Jamie Talbot wppolyglots at jamietalbot.com
Mon Feb 5 10:33:44 GMT 2007


Hi Polyglots,

There are loads of people out there who want to localise WordPress, but the barrier to participating
is quite high if somebody has no experience using gettext or poEdit.  In an effort to lower this
barrier, I've written a plugin called Mocha, which lets people localise all three parts of WordPress
(core, plugins and themes) from one admin page.  It's not ready to go public yet, but it's to the
point where I think it's starting to become useful.  I'd really welcome feedback from anyone who
could take the time to test it out.

Usage should be very simple.  Go to Options->Mocha, make a couple of selections and click Get
Strings.  When you're done, click Save Translations.  You should see your changes take effect
immediately.  If Gengo is installed, the list of locales is auto-populated, otherwise you can type
the locale you want to use in a text box.

If a po file for your chosen language and type already exists, the po file is retrieved for editing.
 If it doesn't, the po file is copied from the base pot file.  If there is no pot file, one is
automatically generated from the __ and _e strings.  For core files, the Mocha zipfile includes
wordpress.pot and wordpress-21.pot.  Just because that's what I'm using here, the wordpress.pot file
is for 2.0.x.  If you are running WordPress 2.1, rename wordpress-21.pot to wordpress.pot.
(Basically, wordpress.pot should be the pot file for the version of wordpress you are running).

A good test of its capabilities might be to use Mocha to localise itself.  There's no mocha.pot file
in the distribution, so see how the auto-generation works and what information you think is missing.
 Be aware that WordPress Core Files contain more than 1000 strings, so it could take some time to
load up if you choose that option.

All feedback is welcomed of course, but I'd like comments specifically about any extra information
that you'd require in the headers, the file format and of course any bug reports.

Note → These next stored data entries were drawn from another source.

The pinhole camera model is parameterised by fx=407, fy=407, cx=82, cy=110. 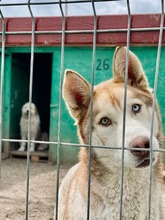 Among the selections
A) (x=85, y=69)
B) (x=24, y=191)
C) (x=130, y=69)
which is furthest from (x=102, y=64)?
(x=130, y=69)

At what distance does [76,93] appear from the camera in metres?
2.55

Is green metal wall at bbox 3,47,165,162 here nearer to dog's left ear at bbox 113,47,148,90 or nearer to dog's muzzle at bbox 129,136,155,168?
dog's left ear at bbox 113,47,148,90

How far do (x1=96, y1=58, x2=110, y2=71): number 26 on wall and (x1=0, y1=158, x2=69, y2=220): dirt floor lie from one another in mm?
2235

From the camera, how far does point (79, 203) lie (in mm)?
2736

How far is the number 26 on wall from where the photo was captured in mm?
8469

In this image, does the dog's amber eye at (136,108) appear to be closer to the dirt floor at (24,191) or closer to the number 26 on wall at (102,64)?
the dirt floor at (24,191)

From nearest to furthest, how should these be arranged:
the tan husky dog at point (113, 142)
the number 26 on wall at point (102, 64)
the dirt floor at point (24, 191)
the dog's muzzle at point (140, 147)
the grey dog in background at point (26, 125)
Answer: the dog's muzzle at point (140, 147) < the tan husky dog at point (113, 142) < the dirt floor at point (24, 191) < the number 26 on wall at point (102, 64) < the grey dog in background at point (26, 125)

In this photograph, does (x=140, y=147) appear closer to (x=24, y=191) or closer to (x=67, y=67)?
(x=24, y=191)

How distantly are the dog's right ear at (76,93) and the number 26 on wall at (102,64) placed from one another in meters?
5.85

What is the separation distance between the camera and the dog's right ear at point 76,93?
2.43m

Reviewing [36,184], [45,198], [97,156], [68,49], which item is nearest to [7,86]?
[68,49]

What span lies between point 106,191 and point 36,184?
4.45 meters

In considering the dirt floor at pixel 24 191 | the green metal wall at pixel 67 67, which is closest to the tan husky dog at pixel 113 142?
the dirt floor at pixel 24 191

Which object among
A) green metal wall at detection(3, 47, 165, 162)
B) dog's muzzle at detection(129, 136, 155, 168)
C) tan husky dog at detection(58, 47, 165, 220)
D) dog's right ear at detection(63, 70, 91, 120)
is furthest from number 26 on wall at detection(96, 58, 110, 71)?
dog's muzzle at detection(129, 136, 155, 168) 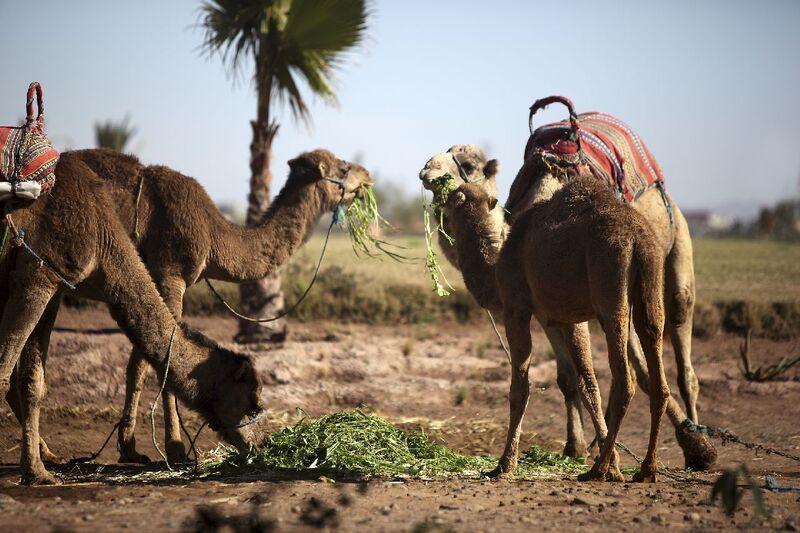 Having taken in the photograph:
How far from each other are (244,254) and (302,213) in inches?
34.5

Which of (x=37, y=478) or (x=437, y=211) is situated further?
(x=437, y=211)

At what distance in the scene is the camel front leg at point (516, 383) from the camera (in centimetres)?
720

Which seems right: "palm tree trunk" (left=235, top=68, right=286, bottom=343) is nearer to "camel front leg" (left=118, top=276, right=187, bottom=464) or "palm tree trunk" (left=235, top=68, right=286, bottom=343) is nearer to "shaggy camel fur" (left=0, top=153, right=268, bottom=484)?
"camel front leg" (left=118, top=276, right=187, bottom=464)

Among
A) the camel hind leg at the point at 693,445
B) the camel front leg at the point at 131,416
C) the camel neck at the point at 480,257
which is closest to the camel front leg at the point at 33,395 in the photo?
the camel front leg at the point at 131,416

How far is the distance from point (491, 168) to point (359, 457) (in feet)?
10.1

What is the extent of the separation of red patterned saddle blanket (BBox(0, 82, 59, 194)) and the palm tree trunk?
6259 mm

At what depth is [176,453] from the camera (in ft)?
27.5

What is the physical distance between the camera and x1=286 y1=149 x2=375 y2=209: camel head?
1012cm

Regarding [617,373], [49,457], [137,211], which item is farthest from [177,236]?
[617,373]

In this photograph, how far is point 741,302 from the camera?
15.9 m

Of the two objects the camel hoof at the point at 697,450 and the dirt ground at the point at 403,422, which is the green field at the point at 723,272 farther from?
the camel hoof at the point at 697,450

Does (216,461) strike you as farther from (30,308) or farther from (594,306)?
(594,306)

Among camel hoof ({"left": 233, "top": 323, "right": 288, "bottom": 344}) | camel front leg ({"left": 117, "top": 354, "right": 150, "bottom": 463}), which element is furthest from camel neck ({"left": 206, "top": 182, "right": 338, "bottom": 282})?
camel hoof ({"left": 233, "top": 323, "right": 288, "bottom": 344})

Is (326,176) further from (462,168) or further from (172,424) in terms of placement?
(172,424) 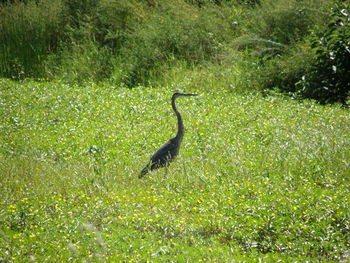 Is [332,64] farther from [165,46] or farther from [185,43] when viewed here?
[165,46]

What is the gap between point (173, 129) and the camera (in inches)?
421

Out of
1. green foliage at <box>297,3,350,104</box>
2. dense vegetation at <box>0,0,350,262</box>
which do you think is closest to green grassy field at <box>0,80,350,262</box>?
dense vegetation at <box>0,0,350,262</box>

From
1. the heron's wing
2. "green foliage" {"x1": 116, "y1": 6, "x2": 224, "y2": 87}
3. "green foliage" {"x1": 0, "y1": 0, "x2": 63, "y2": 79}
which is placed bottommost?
"green foliage" {"x1": 0, "y1": 0, "x2": 63, "y2": 79}

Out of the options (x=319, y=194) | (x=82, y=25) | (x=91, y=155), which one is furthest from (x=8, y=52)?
(x=319, y=194)

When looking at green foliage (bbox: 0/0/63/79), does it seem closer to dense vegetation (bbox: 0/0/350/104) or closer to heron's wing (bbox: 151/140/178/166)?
dense vegetation (bbox: 0/0/350/104)

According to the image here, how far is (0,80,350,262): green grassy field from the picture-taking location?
5.54 meters

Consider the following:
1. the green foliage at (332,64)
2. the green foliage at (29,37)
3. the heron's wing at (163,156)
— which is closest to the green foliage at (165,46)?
the green foliage at (29,37)

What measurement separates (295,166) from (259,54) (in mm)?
7391

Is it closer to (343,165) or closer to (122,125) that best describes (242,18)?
(122,125)

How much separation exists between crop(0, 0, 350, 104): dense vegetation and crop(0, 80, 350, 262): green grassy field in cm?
131

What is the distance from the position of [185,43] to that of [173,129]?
603cm

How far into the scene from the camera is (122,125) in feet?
36.6

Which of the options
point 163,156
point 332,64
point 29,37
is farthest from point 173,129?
point 29,37

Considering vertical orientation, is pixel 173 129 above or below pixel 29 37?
above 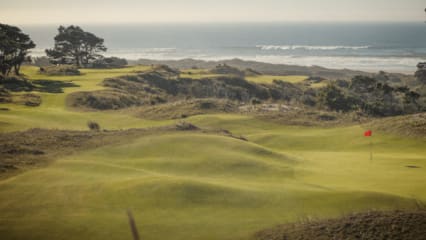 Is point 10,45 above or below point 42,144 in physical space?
above

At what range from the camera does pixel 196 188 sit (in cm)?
1978

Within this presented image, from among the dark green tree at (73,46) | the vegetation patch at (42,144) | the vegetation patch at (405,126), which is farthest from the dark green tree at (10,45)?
the vegetation patch at (405,126)

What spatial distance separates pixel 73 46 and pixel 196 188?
269 ft

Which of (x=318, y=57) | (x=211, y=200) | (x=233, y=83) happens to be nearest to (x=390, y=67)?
(x=318, y=57)

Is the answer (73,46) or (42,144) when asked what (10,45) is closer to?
(73,46)

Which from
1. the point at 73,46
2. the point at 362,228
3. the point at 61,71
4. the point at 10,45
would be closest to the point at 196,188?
the point at 362,228

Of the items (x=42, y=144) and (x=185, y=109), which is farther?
(x=185, y=109)

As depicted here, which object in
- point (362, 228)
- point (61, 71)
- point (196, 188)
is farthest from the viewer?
point (61, 71)

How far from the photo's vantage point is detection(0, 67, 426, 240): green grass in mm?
16172

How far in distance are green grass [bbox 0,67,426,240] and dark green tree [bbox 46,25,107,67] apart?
59981 mm

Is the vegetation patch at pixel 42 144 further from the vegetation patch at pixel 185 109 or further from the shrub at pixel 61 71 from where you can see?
the shrub at pixel 61 71

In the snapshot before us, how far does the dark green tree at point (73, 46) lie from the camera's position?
92.7 metres

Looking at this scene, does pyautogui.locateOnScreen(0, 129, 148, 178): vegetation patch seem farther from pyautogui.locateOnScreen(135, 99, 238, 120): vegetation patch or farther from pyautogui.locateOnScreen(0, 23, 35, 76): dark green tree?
pyautogui.locateOnScreen(0, 23, 35, 76): dark green tree

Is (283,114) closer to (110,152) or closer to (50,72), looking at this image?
(110,152) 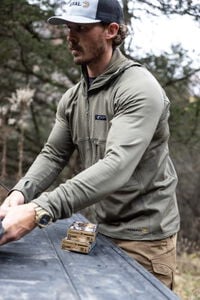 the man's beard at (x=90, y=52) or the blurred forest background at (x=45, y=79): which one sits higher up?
the man's beard at (x=90, y=52)

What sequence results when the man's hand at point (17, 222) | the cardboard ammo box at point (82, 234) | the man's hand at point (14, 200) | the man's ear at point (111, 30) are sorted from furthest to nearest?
the man's ear at point (111, 30) → the man's hand at point (14, 200) → the cardboard ammo box at point (82, 234) → the man's hand at point (17, 222)

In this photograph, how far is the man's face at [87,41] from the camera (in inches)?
95.5

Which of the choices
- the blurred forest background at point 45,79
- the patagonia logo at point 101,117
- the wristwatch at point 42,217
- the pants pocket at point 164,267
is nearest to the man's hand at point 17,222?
the wristwatch at point 42,217

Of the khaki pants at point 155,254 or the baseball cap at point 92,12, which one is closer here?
the baseball cap at point 92,12

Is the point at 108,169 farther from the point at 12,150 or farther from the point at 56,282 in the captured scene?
the point at 12,150

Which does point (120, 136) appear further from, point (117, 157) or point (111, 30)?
point (111, 30)

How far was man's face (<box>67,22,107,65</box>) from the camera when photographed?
7.96 ft

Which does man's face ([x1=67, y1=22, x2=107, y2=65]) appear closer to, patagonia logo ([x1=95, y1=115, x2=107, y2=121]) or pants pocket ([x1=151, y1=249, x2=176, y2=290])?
patagonia logo ([x1=95, y1=115, x2=107, y2=121])

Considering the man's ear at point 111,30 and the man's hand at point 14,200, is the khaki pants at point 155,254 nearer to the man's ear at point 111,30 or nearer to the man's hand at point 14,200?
the man's hand at point 14,200

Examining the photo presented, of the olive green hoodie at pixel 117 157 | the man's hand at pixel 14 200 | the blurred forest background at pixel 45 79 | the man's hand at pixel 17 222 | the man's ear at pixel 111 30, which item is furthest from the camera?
the blurred forest background at pixel 45 79

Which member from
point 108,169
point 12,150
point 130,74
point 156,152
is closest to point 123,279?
point 108,169

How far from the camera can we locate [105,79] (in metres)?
2.44

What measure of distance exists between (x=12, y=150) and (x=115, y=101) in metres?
6.30

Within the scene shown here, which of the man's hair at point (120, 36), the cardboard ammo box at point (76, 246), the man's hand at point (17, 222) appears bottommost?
the cardboard ammo box at point (76, 246) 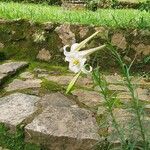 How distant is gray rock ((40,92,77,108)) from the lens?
441cm

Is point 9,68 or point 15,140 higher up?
point 9,68

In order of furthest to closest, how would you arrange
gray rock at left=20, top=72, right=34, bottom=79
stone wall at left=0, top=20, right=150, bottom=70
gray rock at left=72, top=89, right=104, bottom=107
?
stone wall at left=0, top=20, right=150, bottom=70
gray rock at left=20, top=72, right=34, bottom=79
gray rock at left=72, top=89, right=104, bottom=107

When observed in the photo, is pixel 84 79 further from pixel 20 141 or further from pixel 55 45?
pixel 20 141

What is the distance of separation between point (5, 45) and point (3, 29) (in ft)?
0.59

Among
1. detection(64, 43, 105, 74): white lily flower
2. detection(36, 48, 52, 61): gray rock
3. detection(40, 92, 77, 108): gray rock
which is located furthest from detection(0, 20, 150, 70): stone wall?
detection(64, 43, 105, 74): white lily flower

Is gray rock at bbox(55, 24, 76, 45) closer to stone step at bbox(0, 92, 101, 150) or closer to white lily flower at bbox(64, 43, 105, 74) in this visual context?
stone step at bbox(0, 92, 101, 150)

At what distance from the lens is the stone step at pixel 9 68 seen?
16.6 ft

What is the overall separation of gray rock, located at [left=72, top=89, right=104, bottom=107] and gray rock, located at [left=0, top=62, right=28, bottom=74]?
769 mm

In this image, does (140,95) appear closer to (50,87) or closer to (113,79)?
(113,79)

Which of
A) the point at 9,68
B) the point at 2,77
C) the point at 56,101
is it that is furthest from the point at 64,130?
the point at 9,68

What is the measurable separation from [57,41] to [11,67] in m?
0.60

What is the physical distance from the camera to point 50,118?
13.6 feet

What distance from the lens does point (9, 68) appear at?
5266mm

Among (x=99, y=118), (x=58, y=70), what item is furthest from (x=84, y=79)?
(x=99, y=118) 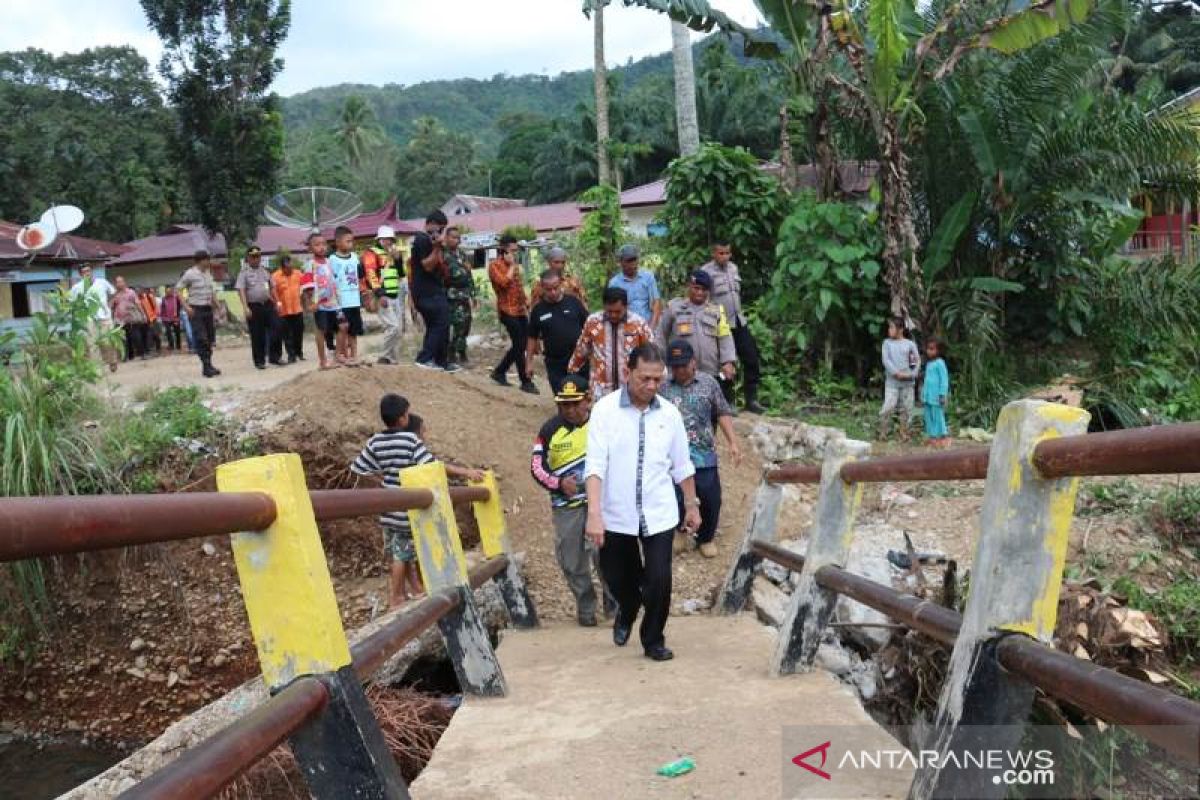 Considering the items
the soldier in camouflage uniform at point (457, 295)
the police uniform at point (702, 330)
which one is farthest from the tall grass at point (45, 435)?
the police uniform at point (702, 330)

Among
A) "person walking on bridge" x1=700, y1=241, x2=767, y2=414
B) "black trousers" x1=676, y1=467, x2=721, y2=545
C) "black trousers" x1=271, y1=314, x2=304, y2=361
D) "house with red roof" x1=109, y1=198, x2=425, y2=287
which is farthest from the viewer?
"house with red roof" x1=109, y1=198, x2=425, y2=287

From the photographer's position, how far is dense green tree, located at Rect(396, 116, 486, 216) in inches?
2440

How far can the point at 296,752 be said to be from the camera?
78.9 inches

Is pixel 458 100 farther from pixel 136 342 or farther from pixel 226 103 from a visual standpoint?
pixel 136 342

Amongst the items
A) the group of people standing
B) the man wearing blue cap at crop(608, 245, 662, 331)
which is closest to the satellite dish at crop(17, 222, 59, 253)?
the group of people standing

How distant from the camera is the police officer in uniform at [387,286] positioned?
1074cm

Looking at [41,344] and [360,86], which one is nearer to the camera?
[41,344]

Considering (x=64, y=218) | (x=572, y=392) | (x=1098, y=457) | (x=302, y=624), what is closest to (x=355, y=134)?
(x=64, y=218)

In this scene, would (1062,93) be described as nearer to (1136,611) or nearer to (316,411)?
(1136,611)

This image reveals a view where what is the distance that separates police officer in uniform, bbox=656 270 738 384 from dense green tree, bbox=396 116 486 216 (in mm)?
55523

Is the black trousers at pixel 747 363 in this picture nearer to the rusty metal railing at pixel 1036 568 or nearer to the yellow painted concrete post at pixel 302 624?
the rusty metal railing at pixel 1036 568

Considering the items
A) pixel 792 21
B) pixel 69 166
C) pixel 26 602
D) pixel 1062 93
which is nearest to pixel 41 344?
pixel 26 602

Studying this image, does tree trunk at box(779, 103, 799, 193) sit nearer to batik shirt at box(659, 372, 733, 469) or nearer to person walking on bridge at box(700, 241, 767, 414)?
person walking on bridge at box(700, 241, 767, 414)

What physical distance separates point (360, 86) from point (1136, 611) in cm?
12131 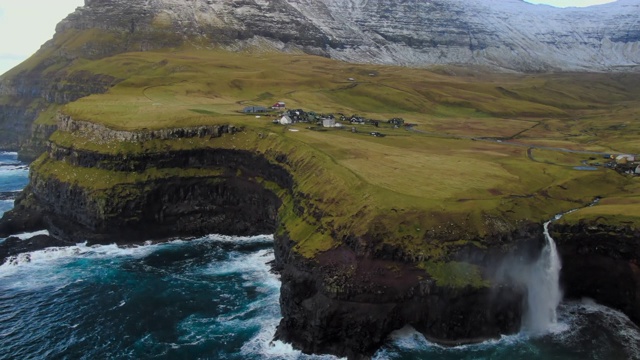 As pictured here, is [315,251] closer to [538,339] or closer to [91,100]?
[538,339]

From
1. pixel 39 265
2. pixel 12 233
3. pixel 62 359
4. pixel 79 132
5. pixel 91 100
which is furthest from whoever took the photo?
pixel 91 100

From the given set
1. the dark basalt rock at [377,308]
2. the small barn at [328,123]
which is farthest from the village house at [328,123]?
the dark basalt rock at [377,308]

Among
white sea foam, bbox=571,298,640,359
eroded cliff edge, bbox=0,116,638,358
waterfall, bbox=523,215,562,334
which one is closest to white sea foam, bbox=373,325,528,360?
eroded cliff edge, bbox=0,116,638,358

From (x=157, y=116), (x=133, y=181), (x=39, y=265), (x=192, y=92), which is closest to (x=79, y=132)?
(x=157, y=116)

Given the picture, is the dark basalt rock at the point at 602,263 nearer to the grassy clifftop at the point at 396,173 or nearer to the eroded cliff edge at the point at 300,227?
the eroded cliff edge at the point at 300,227

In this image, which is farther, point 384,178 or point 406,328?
point 384,178

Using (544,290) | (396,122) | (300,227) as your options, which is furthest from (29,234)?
(396,122)
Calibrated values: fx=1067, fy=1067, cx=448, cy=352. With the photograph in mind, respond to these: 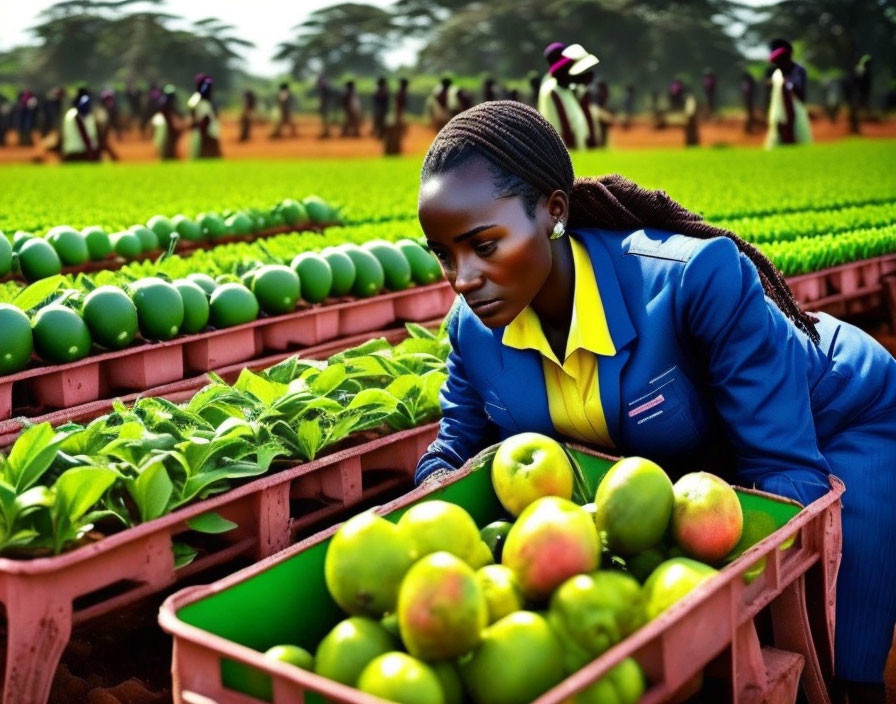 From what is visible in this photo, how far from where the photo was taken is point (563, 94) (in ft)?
57.6

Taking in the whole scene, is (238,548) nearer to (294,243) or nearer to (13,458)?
(13,458)

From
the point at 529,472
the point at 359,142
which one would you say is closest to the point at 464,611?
the point at 529,472

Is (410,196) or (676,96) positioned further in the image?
(676,96)

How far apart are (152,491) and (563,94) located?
51.7 feet

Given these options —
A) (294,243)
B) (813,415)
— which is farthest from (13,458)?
(294,243)

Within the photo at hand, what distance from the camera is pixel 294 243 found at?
7184 millimetres

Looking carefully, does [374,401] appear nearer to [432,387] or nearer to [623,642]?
[432,387]

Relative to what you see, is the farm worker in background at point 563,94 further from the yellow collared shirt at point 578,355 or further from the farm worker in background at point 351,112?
the farm worker in background at point 351,112

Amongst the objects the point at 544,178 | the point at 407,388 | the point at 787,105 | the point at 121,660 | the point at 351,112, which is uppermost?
the point at 544,178

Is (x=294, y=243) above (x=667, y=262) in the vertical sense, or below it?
below

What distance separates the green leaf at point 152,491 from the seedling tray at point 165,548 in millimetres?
53

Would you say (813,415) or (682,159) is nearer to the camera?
(813,415)

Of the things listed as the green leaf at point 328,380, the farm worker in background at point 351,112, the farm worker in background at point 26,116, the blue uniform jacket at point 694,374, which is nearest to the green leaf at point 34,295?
the green leaf at point 328,380

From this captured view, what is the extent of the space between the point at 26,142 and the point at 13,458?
145ft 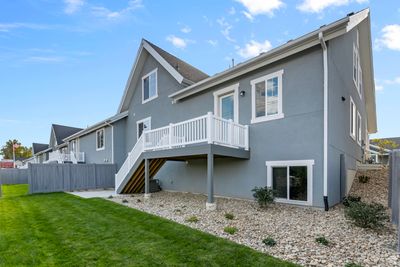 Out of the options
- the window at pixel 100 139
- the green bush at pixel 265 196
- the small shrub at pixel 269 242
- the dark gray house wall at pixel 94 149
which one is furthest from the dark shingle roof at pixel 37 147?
the small shrub at pixel 269 242

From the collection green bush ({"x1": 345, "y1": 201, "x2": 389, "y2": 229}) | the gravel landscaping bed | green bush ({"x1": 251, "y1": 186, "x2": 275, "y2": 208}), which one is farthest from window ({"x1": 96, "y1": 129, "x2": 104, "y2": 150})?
green bush ({"x1": 345, "y1": 201, "x2": 389, "y2": 229})

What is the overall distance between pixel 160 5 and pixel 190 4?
1677 mm

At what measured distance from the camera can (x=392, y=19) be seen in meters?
12.9

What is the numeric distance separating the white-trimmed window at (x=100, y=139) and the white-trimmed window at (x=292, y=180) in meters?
14.6

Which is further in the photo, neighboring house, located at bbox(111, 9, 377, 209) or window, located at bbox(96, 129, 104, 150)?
window, located at bbox(96, 129, 104, 150)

Just as a precaution, make a backup of your po files somewhere before you let Mocha get near them -
it should be safe, but you wouldn't want to lose all your hard work!  It's tested and working on
2.0.x -> 2.2-bleeding, but still.

You can get it at http://jamietalbot.com/wp-hacks/mocha/mocha.zip

Caveats:

* It only works if the gettext tools are installed on the server - that would be most, if not all,
*nix servers.  The code is there for it to run on Windows, but it requires a couple of executables
and dll files, which I didn't want to redistribute with the plugin.

* It only works for plugins that are installed in their own folder.

* There isn't much error checking there yet - there's no matching of %s arguments, like poEdit does,
for example.  There's no checking to see if gettext exists yet either...

* It can't merge two catalogs yet.

* It doesn't write plural forms yet - mainly because I don't understand them.

* There's no Ajax spinning disk yet.

Future Plans:

* I'd like to put in a one-click submit to central repository button, where the localisations can be
made available for everyone.  I'd also like to use this to pull in localisations that are missing.

* Automerging of existing po file with new pot file whenever WordPress, a theme or a plugin is
updated (using version numbers).

Looking forward to your feedback,

Cheers,

Jamie Talbot.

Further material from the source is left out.